The flag was originally painted on the water tower free of charge by a Greek immigrant. He wanted to decorate the tower in time for the United States Bicentennial celebration in 1976. In 2014, the city refurbished and repainted the tower with the iconic American flags.

==Media==

===Radio stations===
- WMMV 1350 AM
- WWBC 1510 AM
- WMIE-FM 91.5
- WFLM 93.9 FM
- WRRQ-LP 96.9 FM

===Television station===
- WEFS 68, a public television station operated by Eastern Florida State College.

==Points of interest==
- Florida Solar Energy Center
- Brevard Museum of History & Natural Science
- Alma Clyde Field Library of Florida History

==Historic sites==
- Community Woman's Club
- Aladdin Theater
- Historic Derby Street Chapel
- Porcher House
- St. Mark's Episcopal Church

==Athletics==
The Houston Astros held spring training in Cocoa from 1964 through 1984, and the Florida Marlins trained in Cocoa in 1993. Cocoa Stadium was also the long-time home of the Florida State League Cocoa Astros.

In 2009, the Space Coast Surge, a member of the Florida Winter Baseball League, had Cocoa Stadium as its home stadium. The league suspended operations in November 2009.

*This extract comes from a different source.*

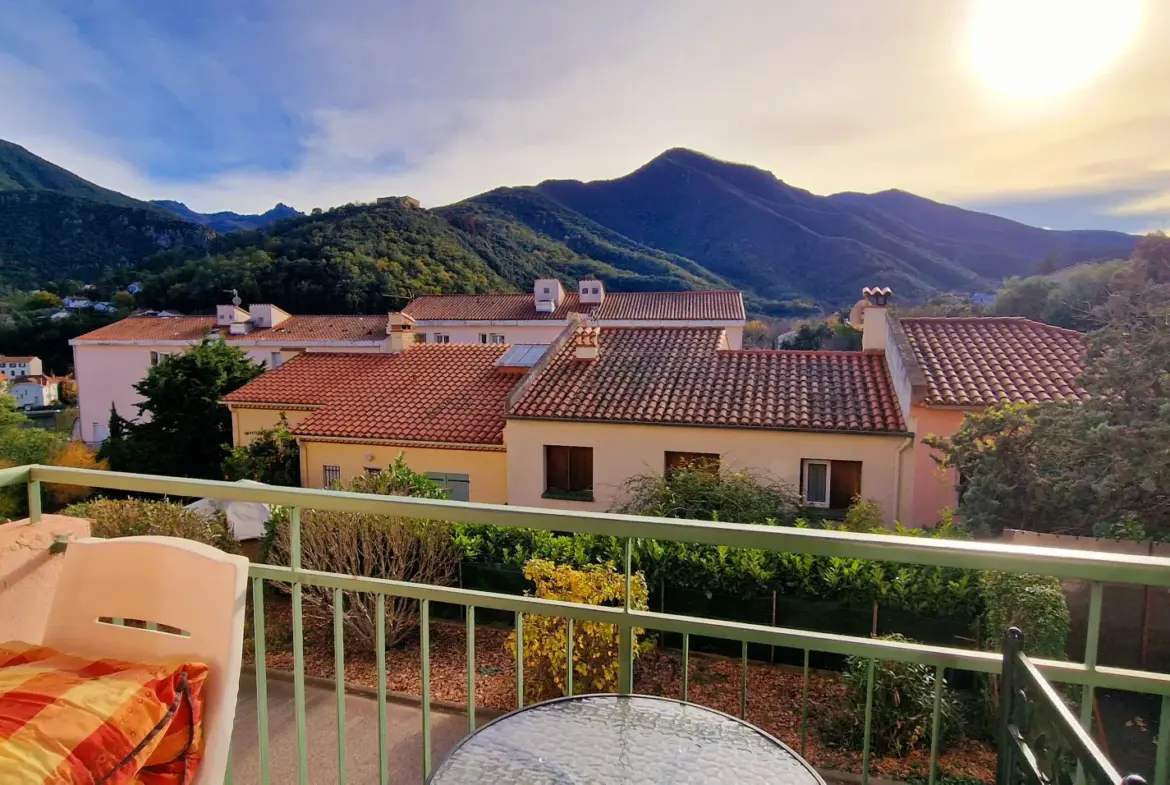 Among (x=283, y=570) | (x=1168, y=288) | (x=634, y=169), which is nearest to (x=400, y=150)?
(x=1168, y=288)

Cocoa High School has numerous state-champion athletic teams. In 2015, the Cocoa High School football team was ranked 13th in Florida and first in the county, and had a 35-game winning streak against other Brevard County schools.

==Notable people==

- Emory L. Bennett (1929–1951), United States Army soldier during the Korean War and Medal of Honor recipient. A statue of him is in Cocoa Riverfront Park
- Tarean Folston (born 1995), football player at the University of Notre Dame
- Chauncey "C.J." Gardner-Johnson (born 1997), NFL American football player
- Jumaine Jones (born 1979), professional basketball player
- Chip Skowron (c. 1968), hedge fund portfolio manager, convicted of insider trading
- Abbie Sweetwine (1921–2009), nurse who was called "The Angel of Platform 6" for her work during the Harrow and Wealdstone rail crash
- Scott Thompson (aka; Carrot Top) (born 1965), a 1983 Cocoa High School graduate, is an American stand-up comedian and actor
- Nick Wynne (born 1943) historian, writer, and educator

==Sister city==
- Beit Shemesh, Israel. On October 7, 2007, the city became a sister city with Beit Shemesh. Eastern Florida State College announced that it would participate by exchanging students.